New World Order - By Evan Hammonds

he 2016 Longines World’s Best Racehorse Rankings appear to have carried over well into January as its choice Arrogate proved again to be the best racehorse—at least on Jan. 28—with his overpowering victory in the inaugural Pegasus World Cup Invitational Stakes (G1).

There were plenty of doubters whether Frank Stronach could pull off his innovative Pegasus idea with racehorse owners putting up the prize money to create the richest race on the planet, but it came off better than expected.

While an aerial view of Gulfstream Park during NBC’s coverage just prior to the start of the race showed the crowd was not shoulder to shoulder, the wagering on the event more than doubled that of the race day it replaced—the Donn Handicap—and the day’s handle was a non-Breeders’ Cup record for Gulfstream. For a national audience, the race drew the two most recognizable North American horses.

The $7 million payday to the winner brought to mind other lucrative milestones in racing history. While the Dubai World Cup (G1) was the first to cross the eight-figure purse threshold in 2010, the Arlington Million (G1T) was the first seven-figure horse race, in 1981. In addition to the backing and drive of Dick Duchossois and Joe Joyce to make it come to fruition, John Henry’s dramatic win over The Bart did more than anything else to put the race on the map. The statue commemorating the finish that overlooks the paddock at Arlington International reminds us of its magnitude.

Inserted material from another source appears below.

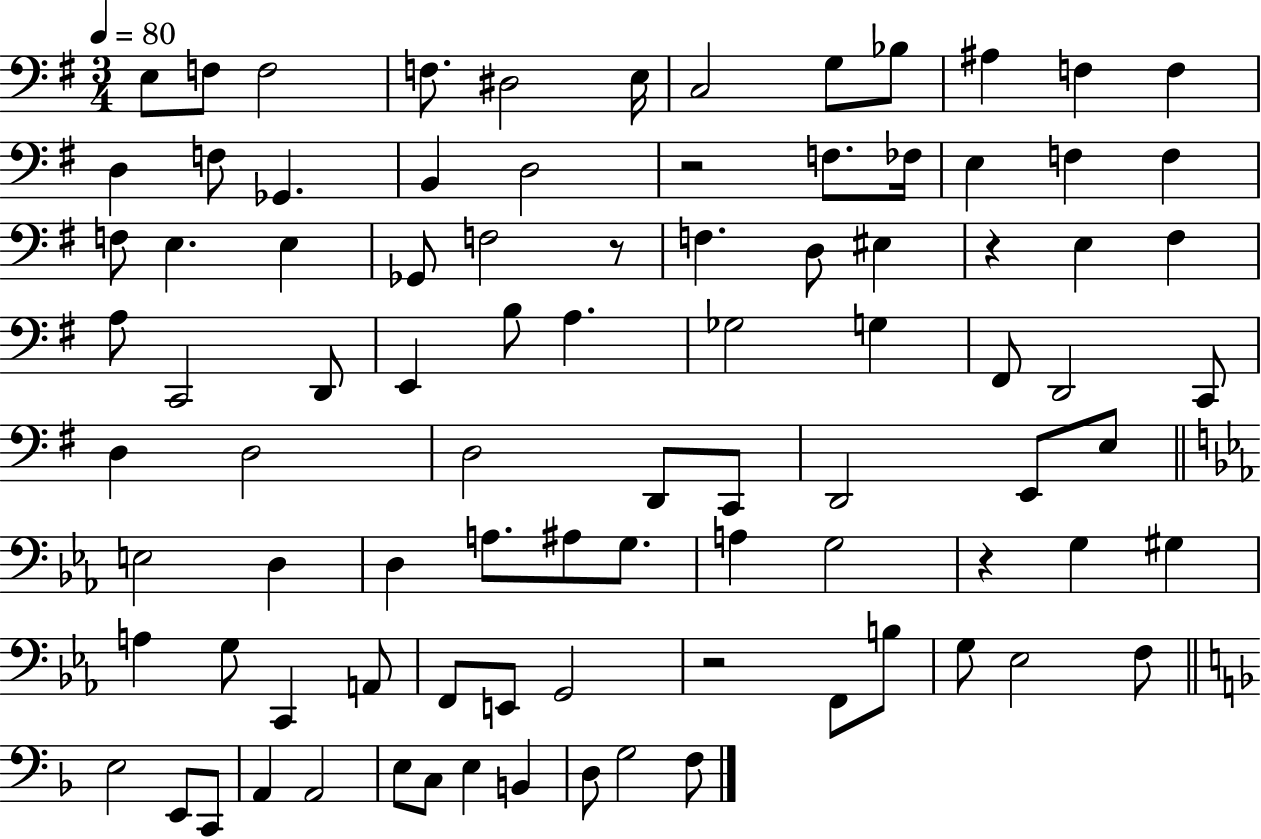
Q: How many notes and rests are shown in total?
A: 90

In 1984 the Breeders’ Cup took racing to another level with the indelible image of Wild Again and Gate Dancer putting the squeeze on Slew o’ Gold in the stretch of the inaugural Classic (G1), a touchstone moment.

Twelve years later Cigar traveled half way around the globe to the desert of Dubai for the first running of the $4 million Dubai World Cup and held off a determined Soul of the Matter in a thriller.

While the Pegasus failed to deliver the stretch run we’d hoped for with Arrogate and California Chrome, the spectacle had a buzz on track and brought a sufficient tingle of anticipation as the horses entered the starting gate.

With the first Pegasus behind us, we can say Stronach and CEO Jack Wolf delivered the goods, as did the other 10 owners who put up the dough for the show. It just goes to show what industry stakeholders can do with a concerted effort to promote the sport.

However, those outside the Coolmore crew, who “partnered” with Juddmonte on Arrogate’s starting slot, may not have sufficient appetite to sign on for a second tour of duty after losing most of their $1 million buy-in, and it remains to be seen how many others are waiting on the also-eligible list to join the party next year. After all, beyond the winner, runner-up Stronach (his Shaman Ghost was second), and Wolf (his Starlight Racing’s Neolithic ran third), the others had a pretty unprofitable day.

Should the Pegasus survive, and thrive, perhaps an international Grand Slam—or Grand $lam—of the Breeders’ Cup Classic, Pegasus, and Dubai World Cup could be considered like the tennis world’s Grand Slam of the Australian Open, Wimbledon, French Open, and U.S. Open. The five-month series certainly fits in with today’s training mind set with a nice gap between starts. The winning prize money—in excess of $15 million—should be incentive enough.